- [TASK TO COMPLETE]: Please reproduce the lines from the one containing "J LINDEBERG, W PRICILLA SHORTS" through the end of the data below exactly as they stand, and omit all pictures.

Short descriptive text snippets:

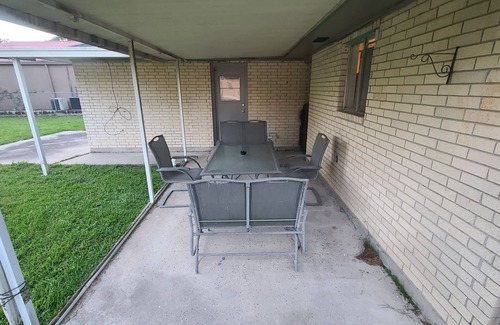 Zachary House | Spacious House w/Jacuzzi Tub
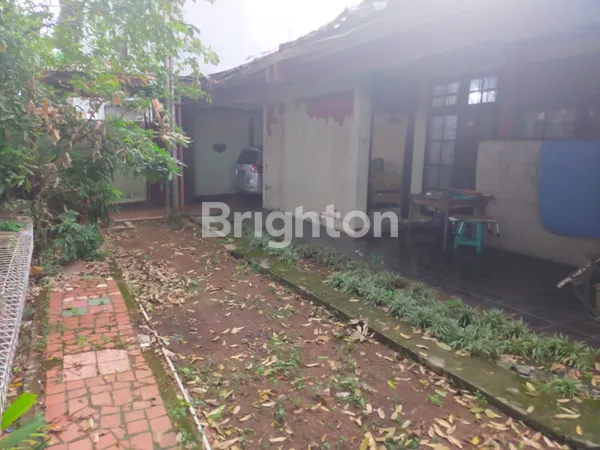 image RUMAH TUA HITUNG TANAH DI KOMPLEK BRI RAGUNAN JAKARTA SELATAN (7)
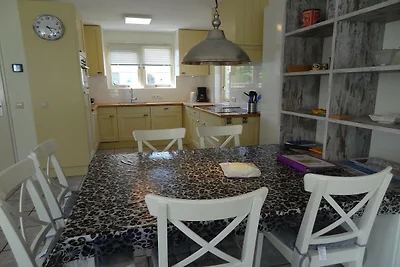Geräumiges Ferienhaus mit Sauna in Strandnähe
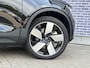 Volvo XC40 Recharge Plus 70 kWh | Adaptive Cruise Control | Dodehoek Detectie | Stoel en Stuurverwarming | 20” | Nubuck Bekleding |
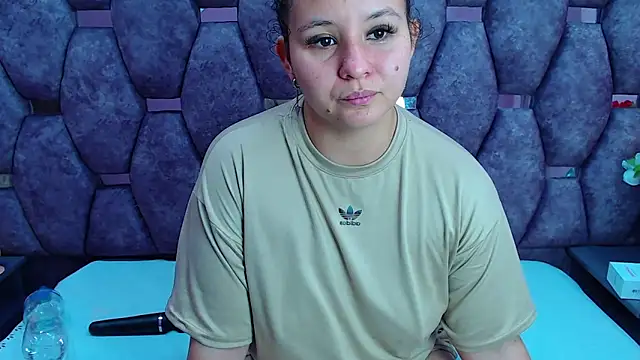 Snapshot of AlaSmith chatting on 03.22.25 AlaSmith online show from 03.22.25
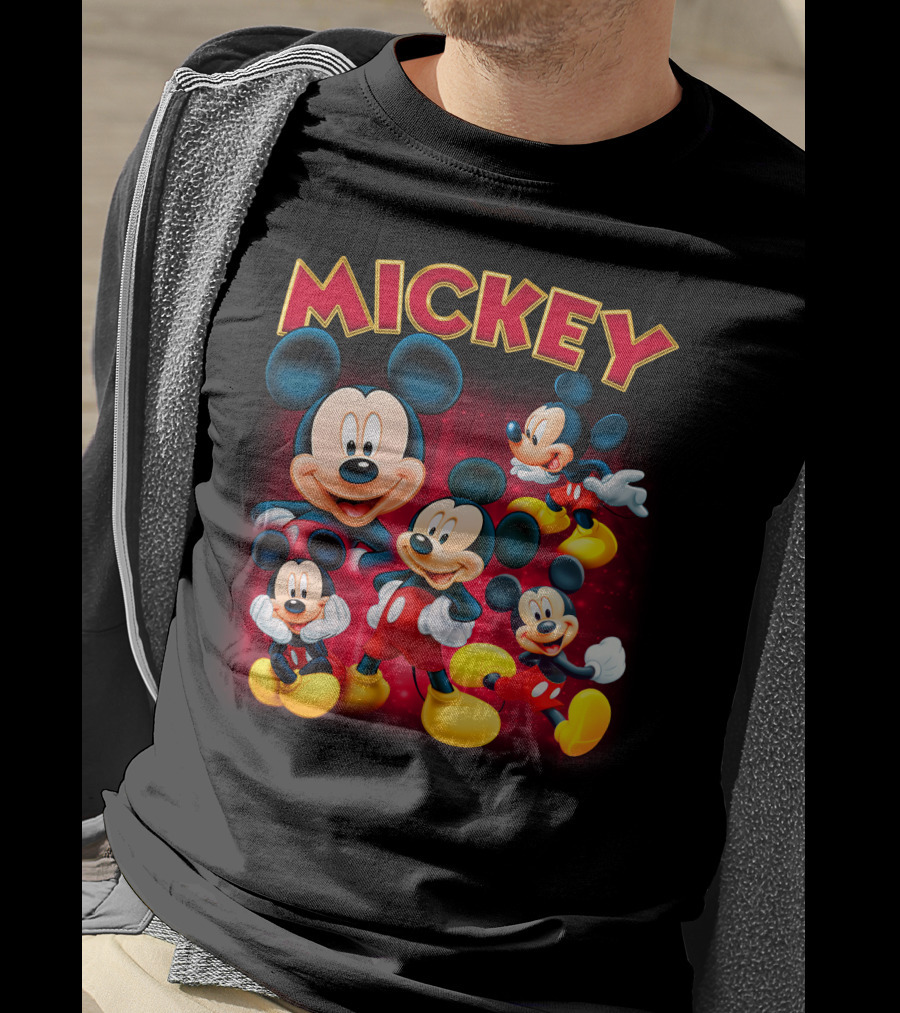 Mickey Czerwono-Żółty Napis Z Kilkoma Klasycznymi Postaciami W Różnych Pozach Na Ciemnym Tle T-Shirt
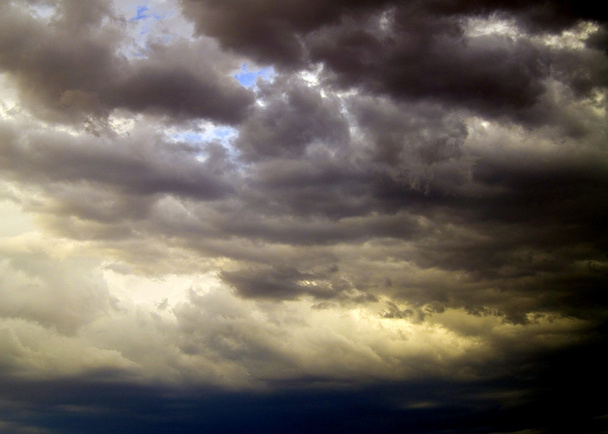 dühös felhők - Fotó, kép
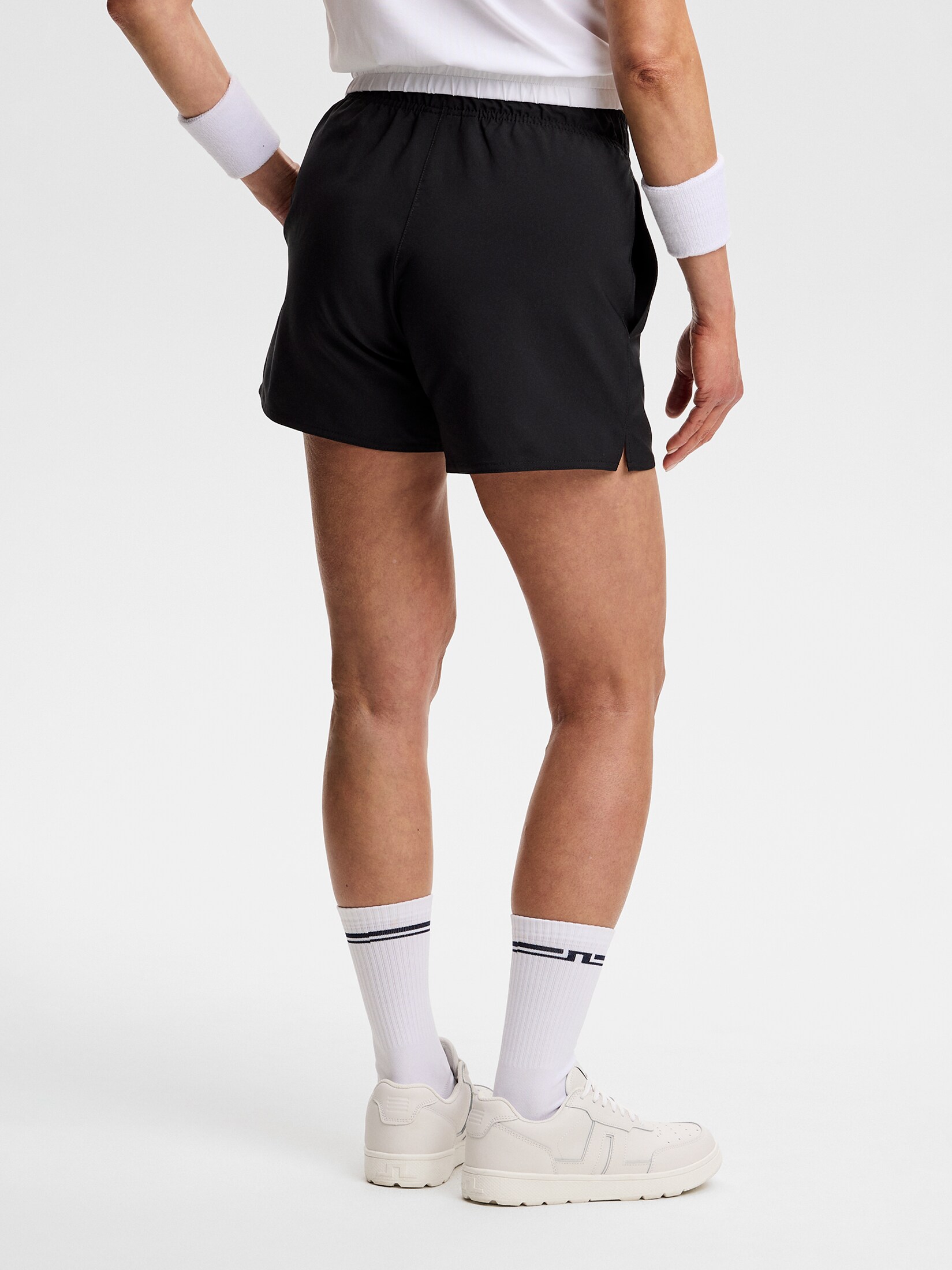 J LINDEBERG, W PRICILLA SHORTS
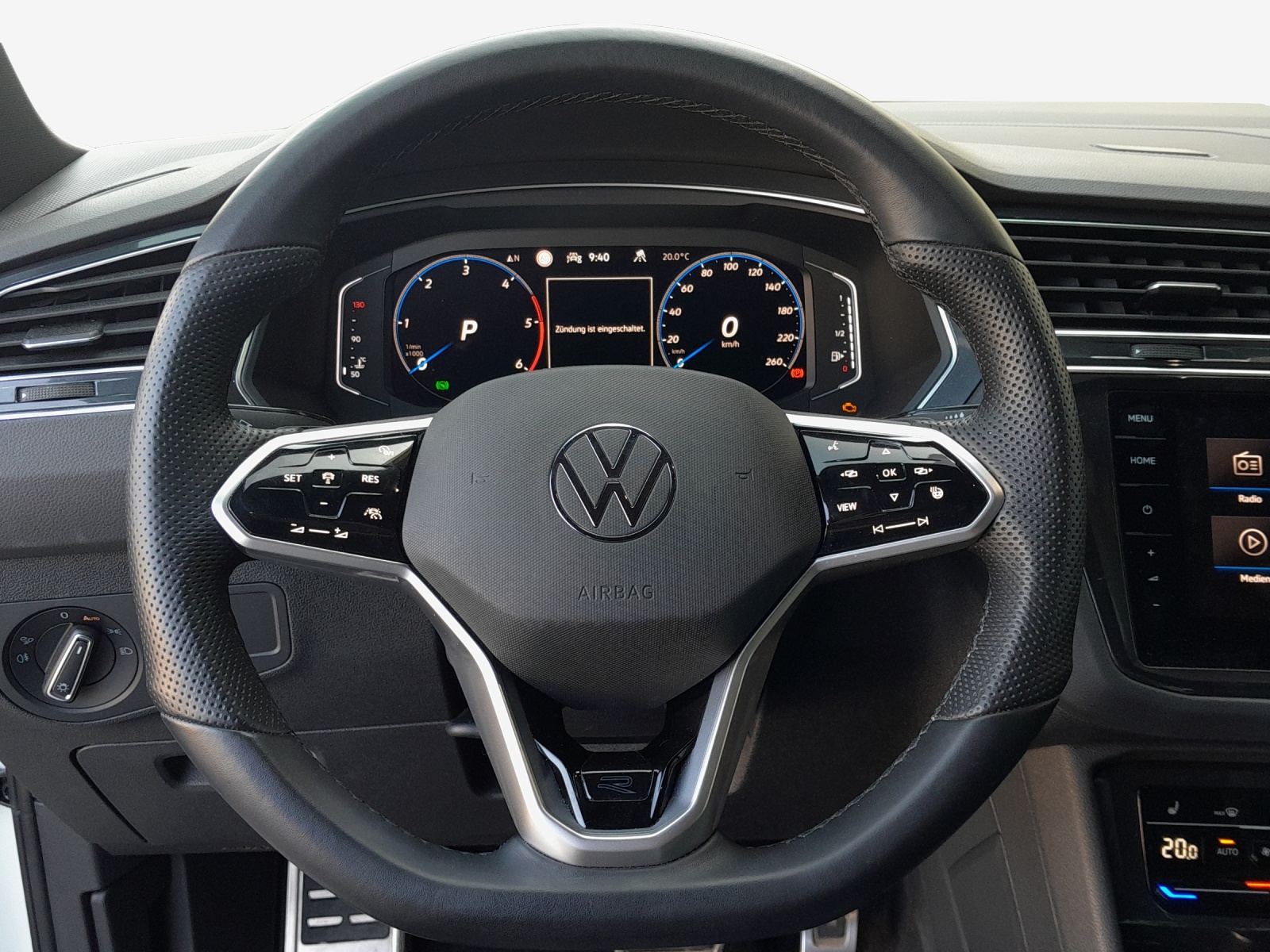 VW Tiguan 2.0 TDI SCR R-Line 4Motion DSG-image-9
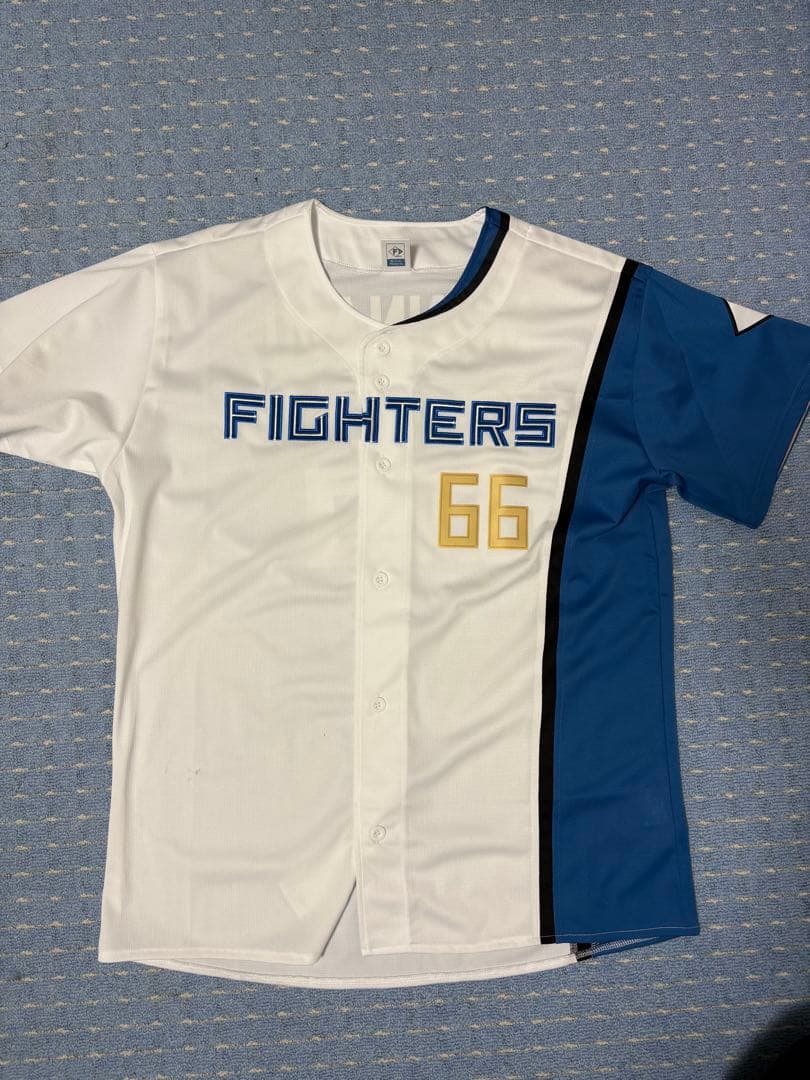 日本ハムファイターズ 万波中正 ユニフォーム #66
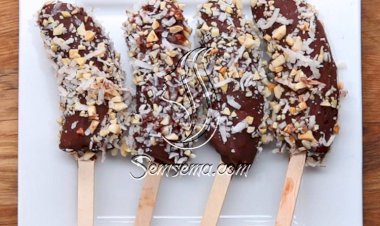 طريقة عمل أصابع الموز بجوز الهند واللوز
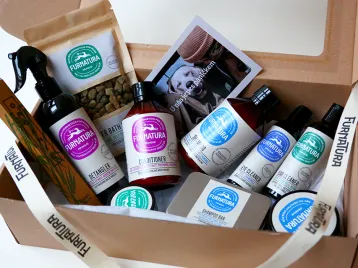 Krabička s produkty pro koupání štěněte včetně šamponů.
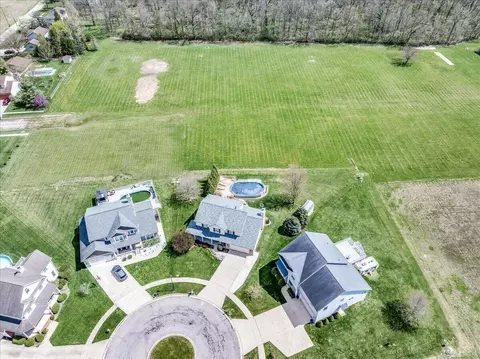 View/Area - 549 Chatham Ct, Circleville, OH 43113 photo 2 of 15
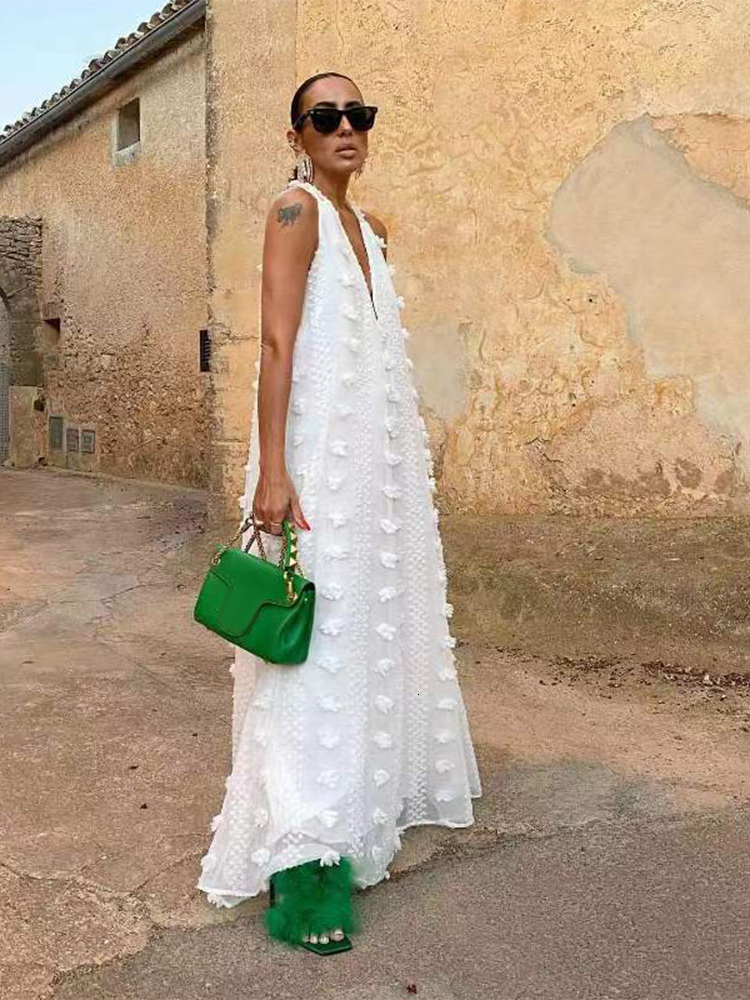 Casual Dresses Sleeveless Halter Dres V Neck Backless Beach Long Robe Lace Up Floral Holiday Sundress Female Streamer Party 230303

- [REPLY]:
 J LINDEBERG, W PRICILLA SHORTS
 VW Tiguan 2.0 TDI SCR R-Line 4Motion DSG-image-9
 日本ハムファイターズ 万波中正 ユニフォーム #66
 طريقة عمل أصابع الموز بجوز الهند واللوز
 Krabička s produkty pro koupání štěněte včetně šamponů.
 View/Area - 549 Chatham Ct, Circleville, OH 43113 photo 2 of 15
 Casual Dresses Sleeveless Halter Dres V Neck Backless Beach Long Robe Lace Up Floral Holiday Sundress Female Streamer Party 230303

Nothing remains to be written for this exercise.